Exercise goal » The pictures in the listing below are to be skipped, while the lines between the line holding "Where No One Should Live" and the line holding "Leveling the Playing", inclusive, are to be output exactly.

Records to process »
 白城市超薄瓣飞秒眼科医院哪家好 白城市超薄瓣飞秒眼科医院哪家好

---

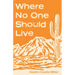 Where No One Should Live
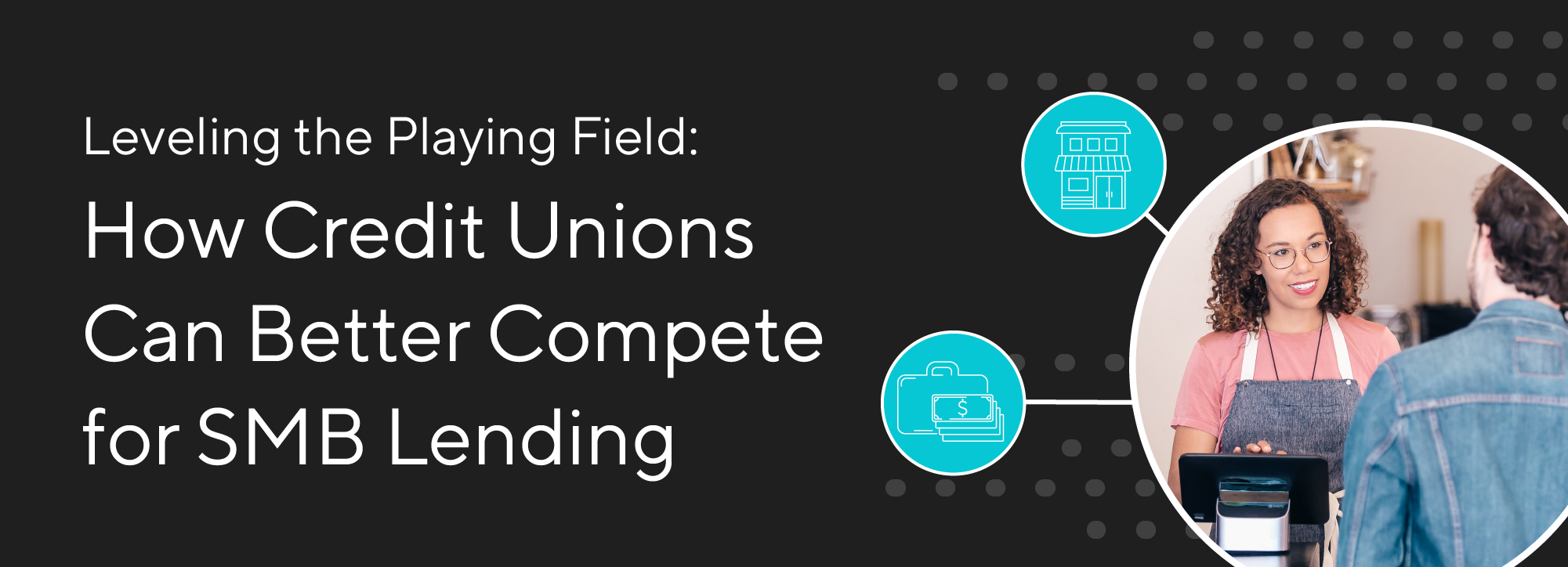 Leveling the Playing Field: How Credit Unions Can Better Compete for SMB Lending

Solution to this task »
 Where No One Should Live
 Leveling the Playing Field: How Credit Unions Can Better Compete for SMB Lending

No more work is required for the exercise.